··· COLLECTED MATERIAL
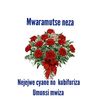 user8407021027794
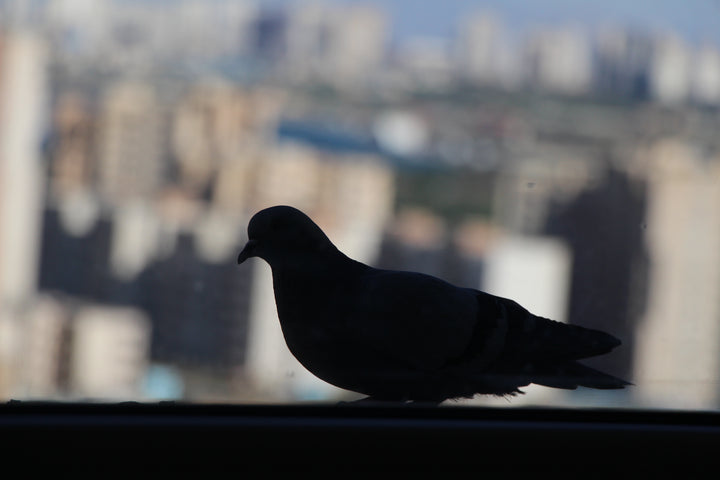 Series 4 of Avian Encounters: Birds in the Urban and Natural Worlds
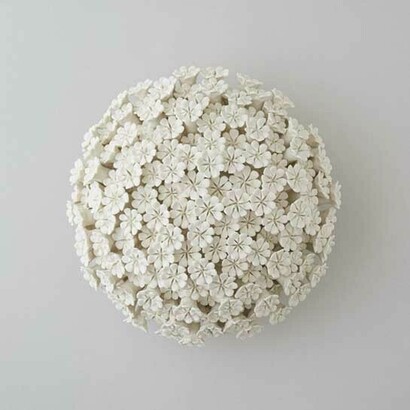 Daisy Wall Flower. Asimila e inspira en sus viajes a lugares cuyos jardines y botánica te inundan sintiéndote de otro mundo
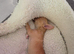 I have adorable little chihuahua for sale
······
> PROBLEM STATEMENT:
Where the line containing "Series 4 of" appears, begin writing out the lines exactly, and continue through the end of the material above, omitting pictures.

> WRITTEN ANSWER:
 Series 4 of Avian Encounters: Birds in the Urban and Natural Worlds
 Daisy Wall Flower. Asimila e inspira en sus viajes a lugares cuyos jardines y botánica te inundan sintiéndote de otro mundo
 I have adorable little chihuahua for sale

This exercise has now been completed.